Exercise input =>
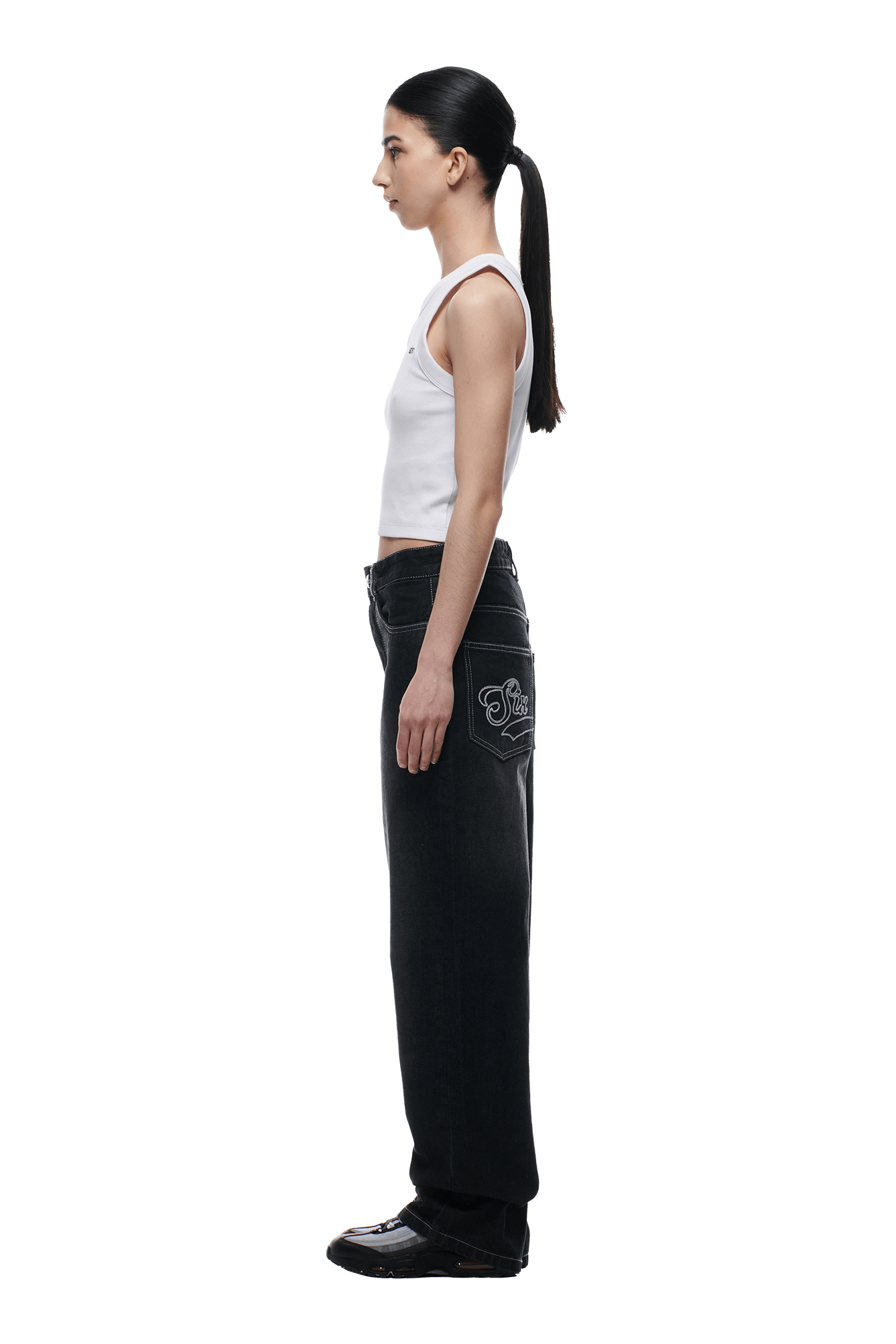 A woman stands in profile against a white background, wearing a white sleeveless top, 6PM SCRIPT LOGO DENIM WASHED BLACK wide-leg jeans with a graphic back pocket, black shoes, and her dark hair tied back in a low ponytail.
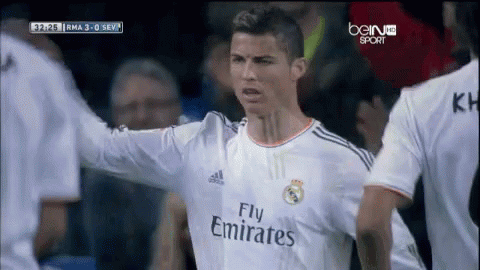 Soccer Player in Fly Emirates Jersey Facing Crowd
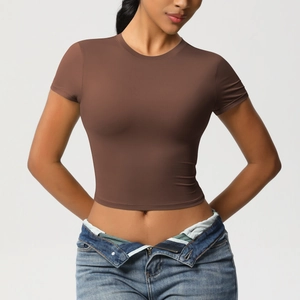 Close-up of slim fit brown short sleeve yoga top with high-stretch quick-dry fabric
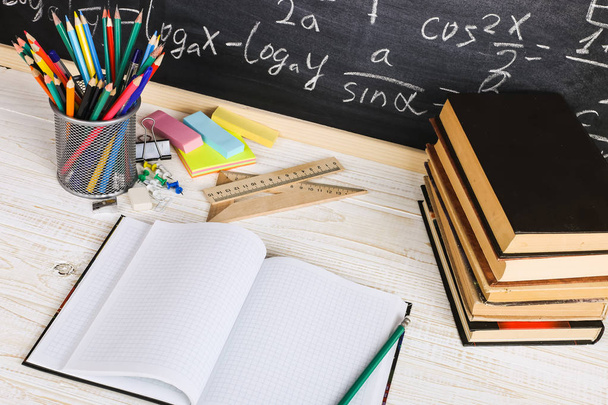 School desk in classroom, with books on background of chalk board with written formulas. Soncept Teacher's Day. - Fotoğraf, Görsel
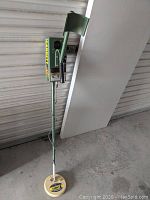 Full view of Garrett ADS II metal detector showing yellow coil and green armrest with grip.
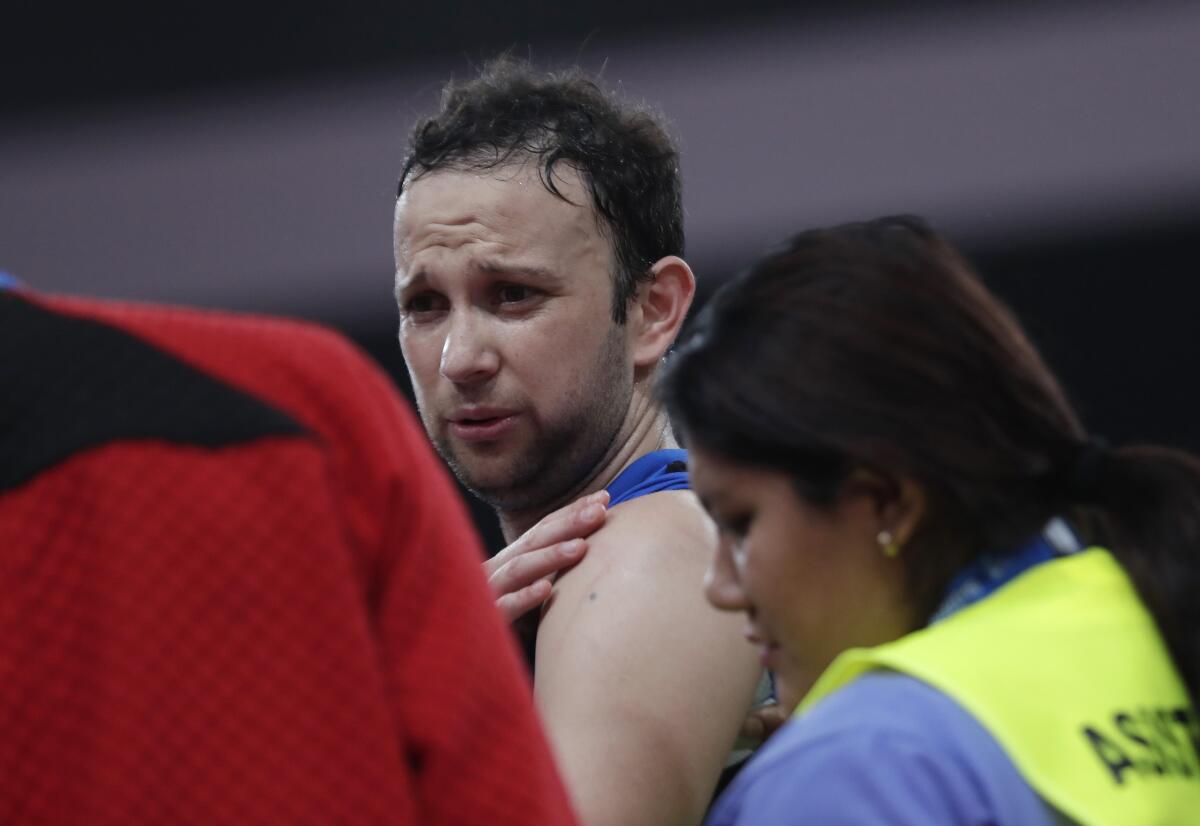 Guatemala's Kevin Cordon touches his shoulder during the badminton men's singles semi-final against Canada's Brian Yang at the Pan American Games in Lima, Peru, Thursday, Aug. 1, 2019. Cordon retired from the match after claiming an injured shoulder. (AP Photo/Silvia Izquierdo)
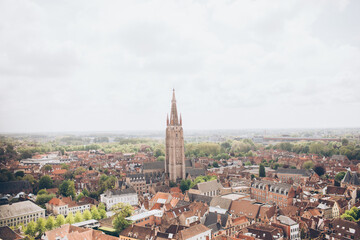 Fototapeta na wymiar aerial view of terracotta roofs and tall church buildings in an old european city belgium europe belltower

Task description => Give again, word for word, each line from the one holding "Guatemala's Kevin Cordon" through the end of the entries, and leave out any picture.

Task solution =>
 Guatemala's Kevin Cordon touches his shoulder during the badminton men's singles semi-final against Canada's Brian Yang at the Pan American Games in Lima, Peru, Thursday, Aug. 1, 2019. Cordon retired from the match after claiming an injured shoulder. (AP Photo/Silvia Izquierdo)
 Fototapeta na wymiar aerial view of terracotta roofs and tall church buildings in an old european city belgium europe belltower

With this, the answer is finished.